C’est un temps favorable pour vérifier ce qu’on a à vivre en commun, ce qu’une assemblée comme celle que nous vivons le dimanche peut nous apporter, nous faire se rencontrer avec toutes nos différences respectables et ce que nous vivons au quotidien. Nous sommes ici pour écouter la Parole ensemble, pour refaire le geste de partage du pain et de la coupe. Nous sommes ici pour nous souvenir. Nous avons des itinéraires humains et spirituels fort différents. Nous sommes moins portés par une institution forte qui nous donnait l’impression d’être tous semblables. Et c’est heureux. Nous sommes des croyantes et des croyants qui traçons notre itinéraire dans un monde fascinant, mais ô combien déroutant parfois. Quel sens prend notre expérience de foi? Sommes-nous capables de nous ouvrir les oreilles pour mieux écouter et avoir une parole pertinente? Sommes-nous capables de nous parler et de dialoguer à même nos différences?                 

Comme Jésus dans la Décapole, territoire païen, nous sommes peut-être encore en terre religieuse, mais comment se porte la foi chrétienne? Le Québec a pris une telle distance… Comme pour oublier, il s’est retiré de grands pans de son histoire religieuse. Il lui manque des lieux et des temps pour de nouveau se ressaisir et emprunter peut-être de nouvelles routes, de nouveaux chemins, parfois risqués. Comment se vit la foi à l’Évangile et en Jésus? Il y a des itinéraires de foi qui peuvent nous dérouter. Nous avons besoin ensemble d’ouvrir de nouvelles routes pour l‘Évangile; pour que son message nous rejoigne. Cette communauté me semble ouverte à cela.

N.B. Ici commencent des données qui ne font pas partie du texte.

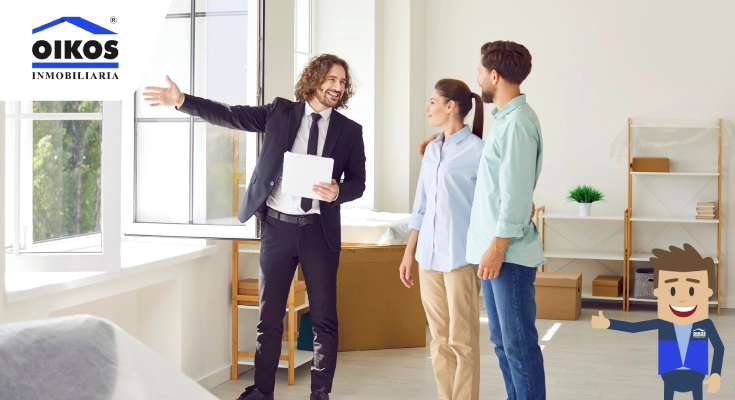 Guía rápida para agendar visitas a apartamentos en arriendo Vendedor inmobiliario y pareja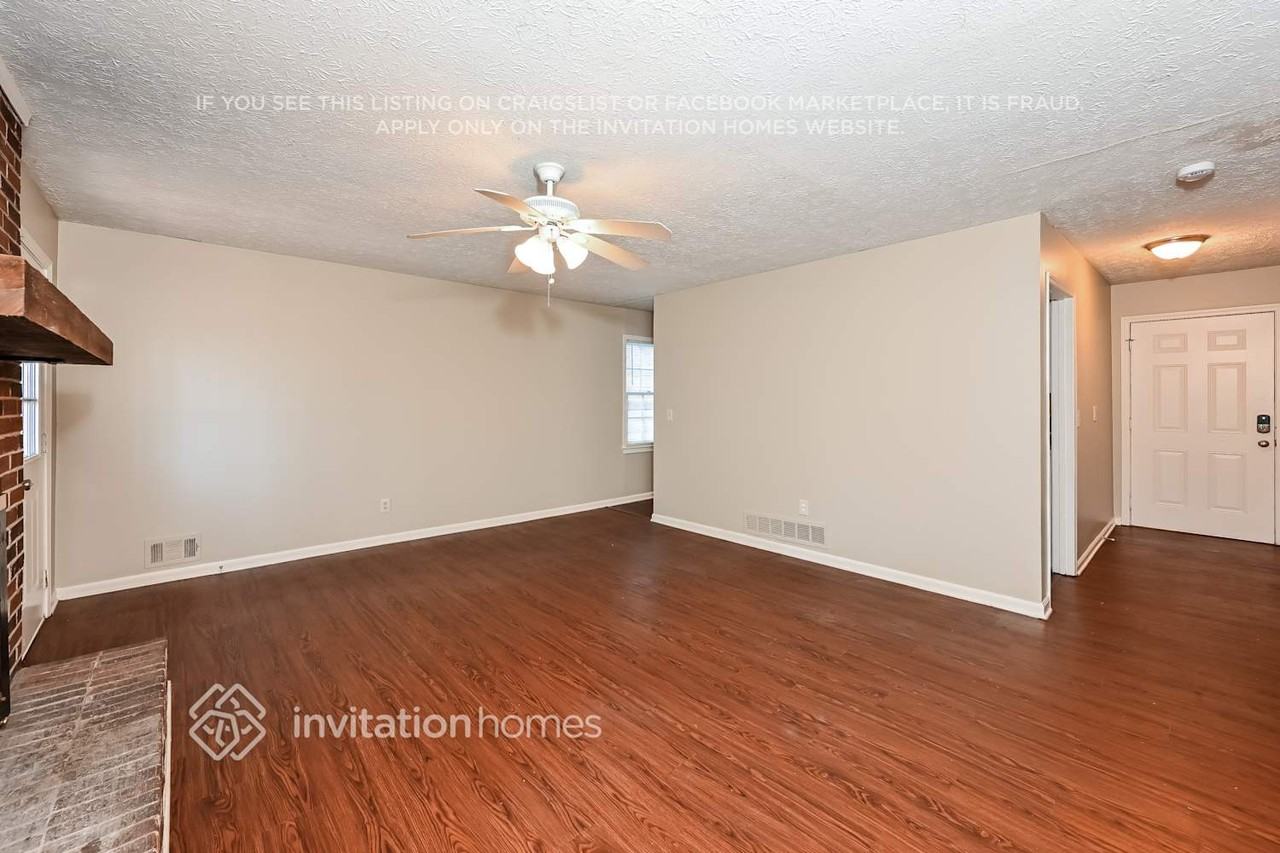 2727 King Arthur Ct - Photo 4 of 17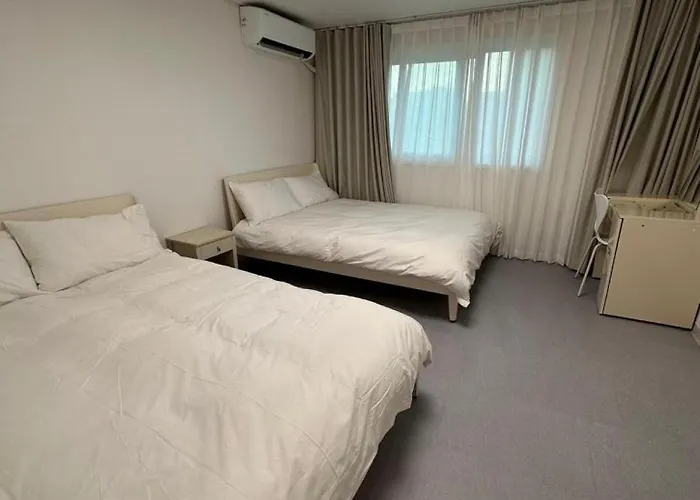 New Jins House - 5mins To Myeongdong Station, 3 Rooms, Big Living Seoel
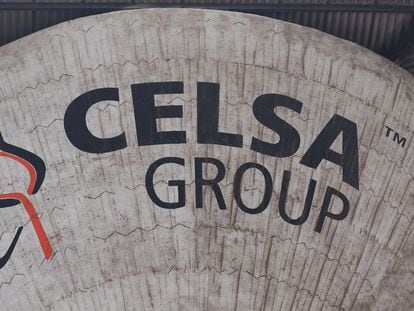 Logo de Grupo Celsa en su fábrica de acero de Castellbisbal, en Barcelona.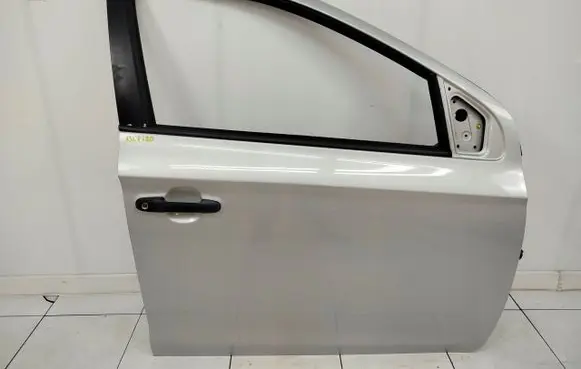 Hyundai i20 (PB PBT) Front door 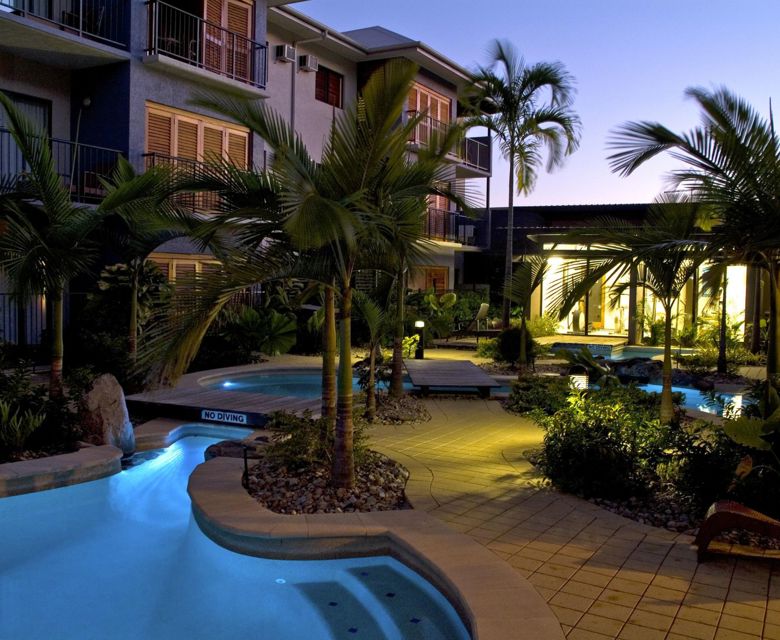 Southern Cross Atrium Apartments - pool at night
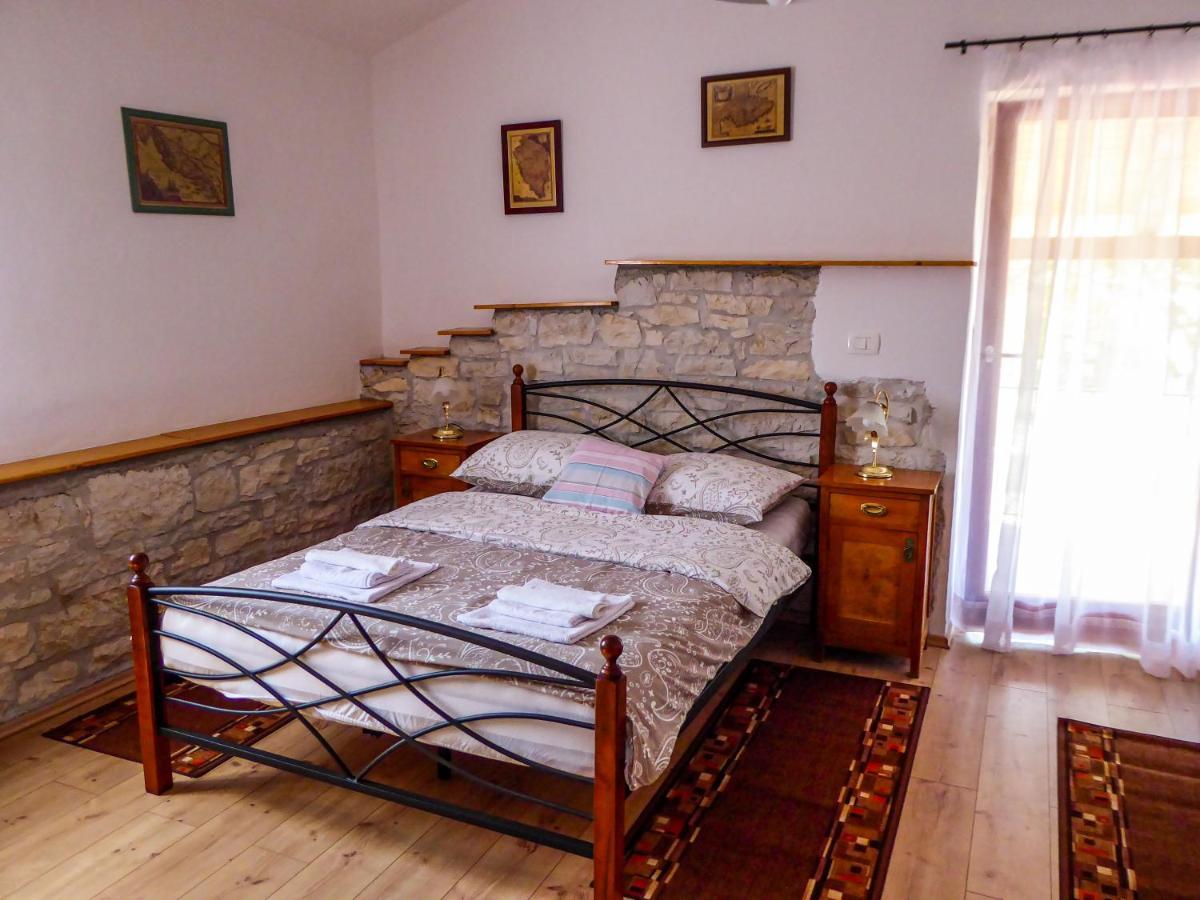 Willa Casa Istriana Nona Pina Kaštelir Zewnętrze zdjęcie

Je pense qu’il y a un réel désir de donner tout son sens à l’Évangile :         

Quand la parole des autres n’est ni ignorée, ni monopolisée. Quand sont déverrouillés les blocages personnels. 

Quand partout où des humains sont ensemble et établissent un juste équilibre entre la parole qui dit et le silence qui écoute.   

Quand passe, dans les familles et les groupes, le courant de communication qui devient communion, l’Évangile progresse.           

Quand, à l’ìntérieur même de ce que disent les humains, les croyants discernent la voix de Dieu, l’Évangile progresse dans le cœur de chacun. 

À travers nos itinéraires personnels et différents, les façons de rejoindre et d’être rejoints par l’Évangile sont de plus en plus multiples. Une communauté doit donc, pour accueillir ces parcours, respecter la différence des autres, ouvrir des espaces de liberté comme nous tentons de le faire ici. En partageant le pain et la coupe en mémoire de Lui et en mémoire de chacun et chacune de nous, en écoutant la Parole, chacune et chacun vit ce geste à sa façon. Espérons que nous pourrons nous rencontrer. Il y a un travail immense à accomplir. Je crois sincèrement que notre communauté tente de vivre l’Évangile à travers des attitudes et des gestes significatifs et libres. « Prenez courage, ne craignez pas… Jésus fait entendre les sourds et parler les muets ». C’est de Lui et de nous dont il parle… Oui, à la suite de Jésus, devenir, comme individus et, comme assemblée, des passeurs de vie… Et que le silence et la musique nous traversent le corps et l’esprit, et fassent entendre la voix de Dieu.